Applications in Machine Learning

SGD and the CLT

Stochastic Gradient Descent computes gradients on mini-batches. The mini-batch gradient is an average of individual gradients:

$$\hat{g} = \frac{1}{B} \sum_{i=1}^{B} \nabla \mathcal{L}_i(\theta)$$

By the CLT, this average concentrates around the true gradient with standard error $\propto 1/\sqrt{B}$. Larger batches give less noisy gradient estimates, but with diminishing returns.

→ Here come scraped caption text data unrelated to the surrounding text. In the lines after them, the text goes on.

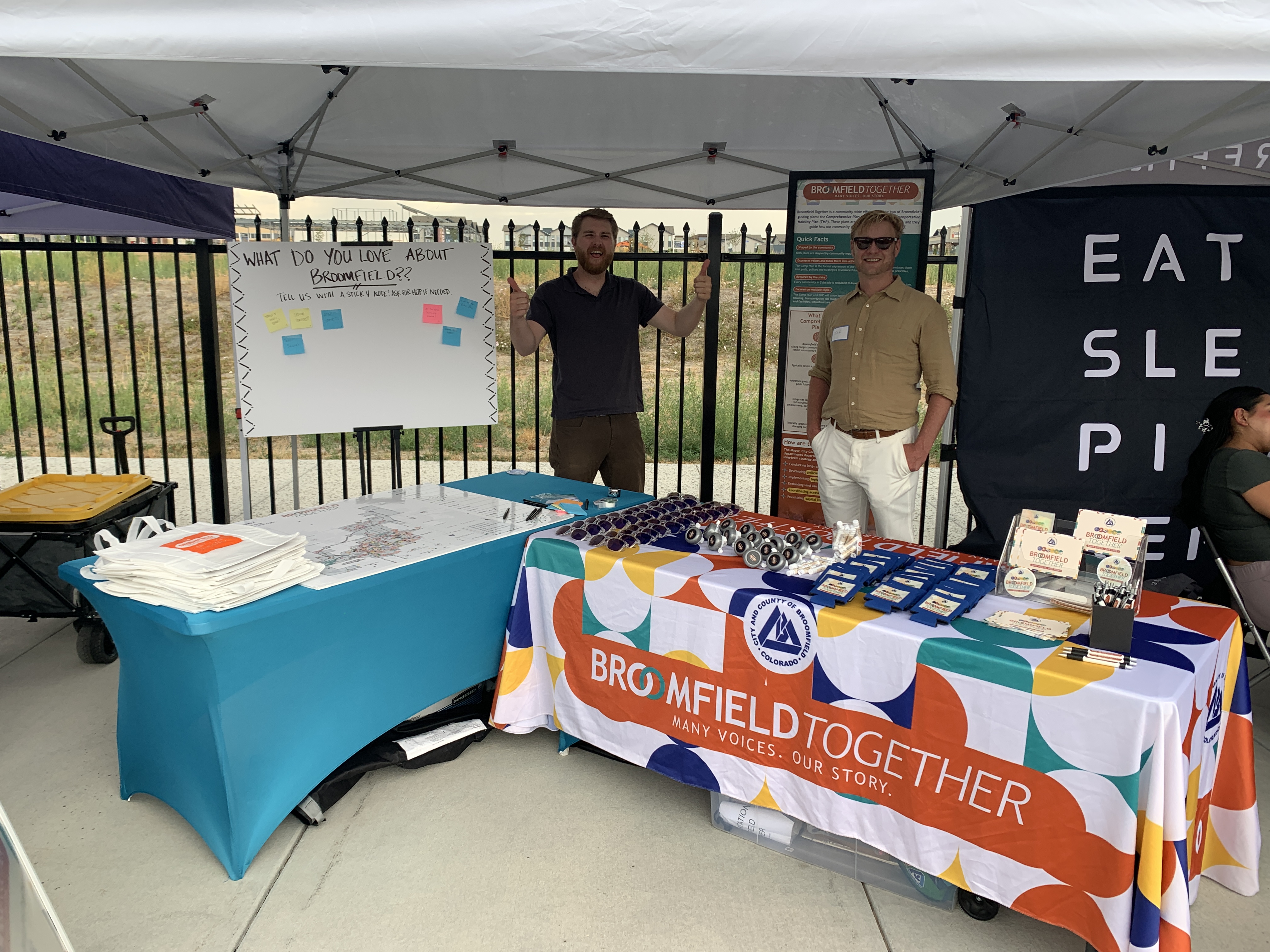 Photograph of two men at a "Broomfield Together" community outreach booth under a white tent. On the left, a man gives two thumbs up next to a whiteboard that says, "WHAT DO YOU LOVE ABOUT BROOMFIELD?? TELL US WITH A STICKY NOTE!" On the right, a man in sunglasses stands behind a table covered with a colorful tablecloth reading "BROOMFIELD TOGETHER MANY VOICES. OUR STORY." and featuring the CCOB logo. The tables are stocked with maps, brochures, and promotional items.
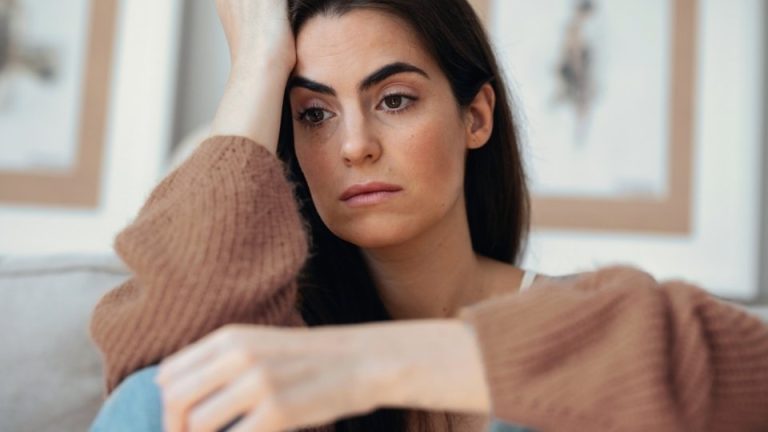 What Causes PTSD in Women hero image of a woman processing trauma.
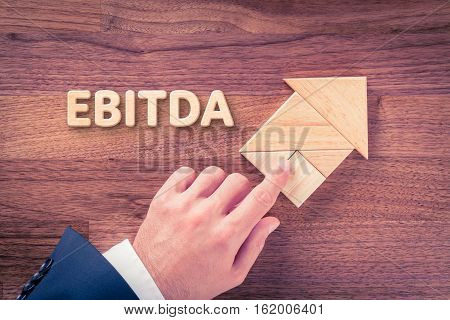 Increase EBITDA concept. Businessman plan EBITDA growth represented by arrow.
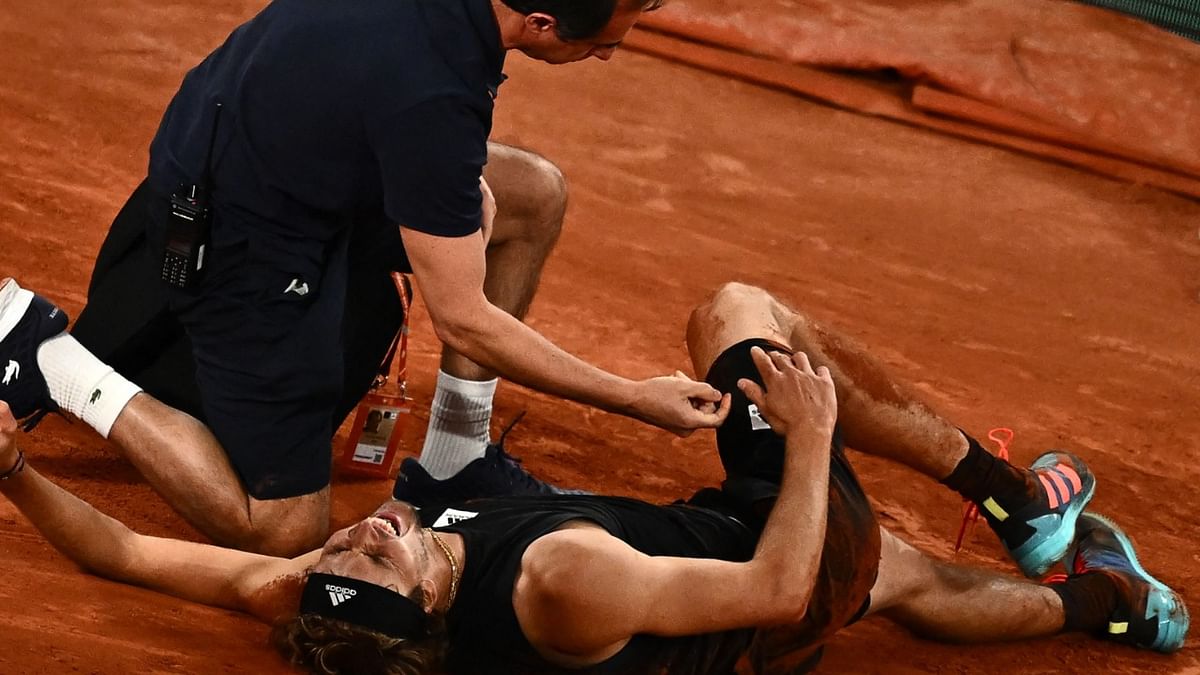 Germany's Alexander Zverev (FRONT) is assisted after being injured during his men's semi-final singles match against Spain's Rafael Nadal on day thirteen of the Roland-Garros Open tennis tournament at the Court Philippe-Chatrier in Paris. Credit: AFP Photo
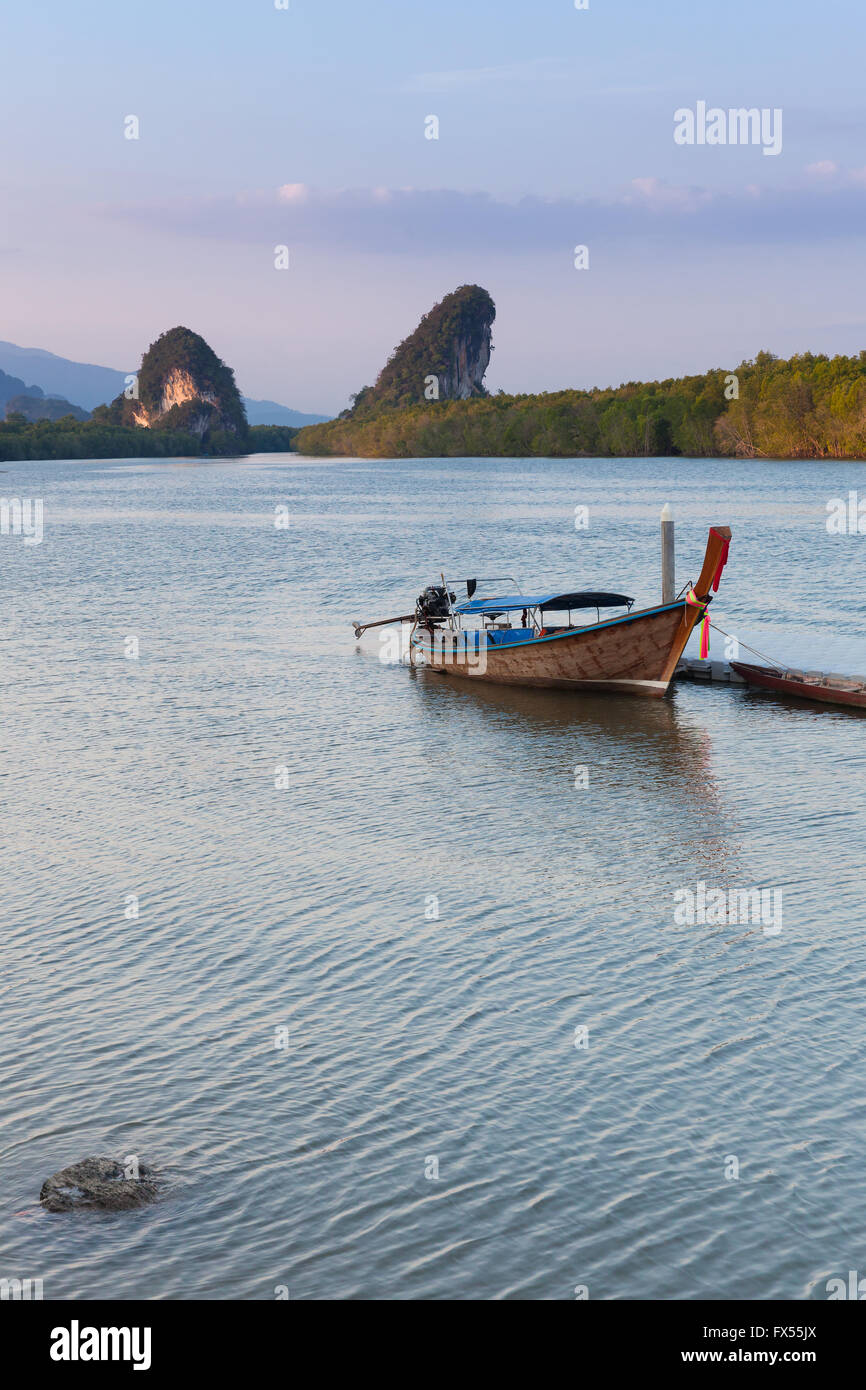 Vista al tramonto del fiume di Krabi con barca long-tail e calcare scogliere carsiche, Krabi town, Thailandia Foto Stock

Asymptotic Normality of MLE

The CLT is the key ingredient in proving that MLE is asymptotically normal:

$$\hat{\theta}_{\text{MLE}} \approx \mathcal{N}\left(\theta_0, \frac{1}{n I(\theta_0)}\right)$$

where $I(\theta_0)$ is the Fisher information. This is why MLE confidence intervals work.

Bootstrap

The bootstrap resampling method relies on the CLT to justify using the empirical distribution as a proxy for the population. By resampling with replacement and computing statistics, we can estimate standard errors and confidence intervals without distributional assumptions.

Summary

• The Law of Large Numbers guarantees that sample means converge to the population mean
• The Central Limit Theorem says sample means are approximately Gaussian, regardless of the original distribution
• Standard error shrinks as $1/\sqrt{n}$ — diminishing returns with more data
• The CLT justifies confidence intervals, hypothesis tests, MLE asymptotics, and SGD convergence
• The CLT fails for heavy-tailed distributions with infinite variance
• These results form the theoretical backbone of the estimation and testing frameworks that follow

References

• Bertsekas, D. P., & Tsitsiklis, J. N. (2008). Introduction to Probability (2nd ed.). Athena Scientific. Chapter 5.
• Ross, S. M. (2014). A First Course in Probability (9th ed.). Pearson. Chapters 7-8.
• Casella, G., & Berger, R. L. (2002). Statistical Inference (2nd ed.). Duxbury/Thomson Learning. Chapter 5.
• Wasserman, L. (2004). All of Statistics: A Concise Course in Statistical Inference. Springer. Chapters 5-6.
• Murphy, K. P. (2022). Probabilistic Machine Learning: An Introduction. MIT Press.